I wonder if she will suddenly become pro-life?
by Daniel Burke
Religion News Service
WASHINGTON (RNS) House Speaker Nancy Pelosi has accepted her hometown archbishop’s invitation to talk about Catholic teachings, but avoided mentioning her recent statements on abortion, which have been condemned by 10 Catholic prelates.
“I welcome the opportunity for our personal conversation to go beyond our earlier most cordial exchange about immigration and the needs of the poor to church teaching on other significant matters,” Pelosi wrote San Francisco Archbishop George Niederauer.
A spokesman for Pelosi, D-Calif., said the letter was delivered by hand to Niederauer on Friday (Sept. 5).
That same day, Niederauer said Pelosi’s recent statements on abortion “are in serious conflict with the teachings of the Catholic Church.”
On “Meet the Press” last month, Pelosi said “doctors of the church” disagreed on when life begins, and said abortion “continues to be an issue of controversy” in the Catholic Church.
At least 10 bishops have publicly condemned those remarks, saying the church has believed abortion is wrong since the first century.

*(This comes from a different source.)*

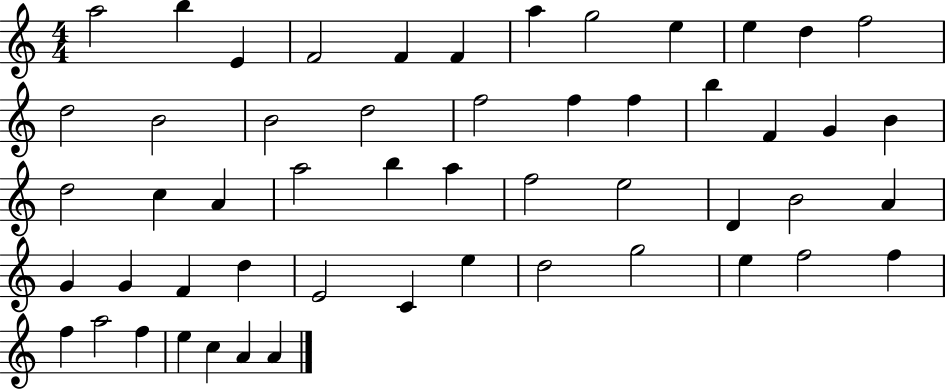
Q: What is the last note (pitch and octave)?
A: A4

“I regret the necessity of addressing these issues in so public a forum,” Niederauer said, “but the widespread consternation among Catholics made it unavoidable.”
Niederauer also said Catholics are not supposed to “pick and choose” which teachings to follow and that moral issues should not be dictated by opinion polls.
The San Francisco prelate added that “many Catholics” have written him about Pelosi’s remarks, “very often” asking him whether the congresswoman should be allowed to receive Communion.
Niederauer noted the disagreement among U.S. Catholic bishops about denying Communion to Catholic politicians who support abortion rights, but didn’t state his opinion on the matter.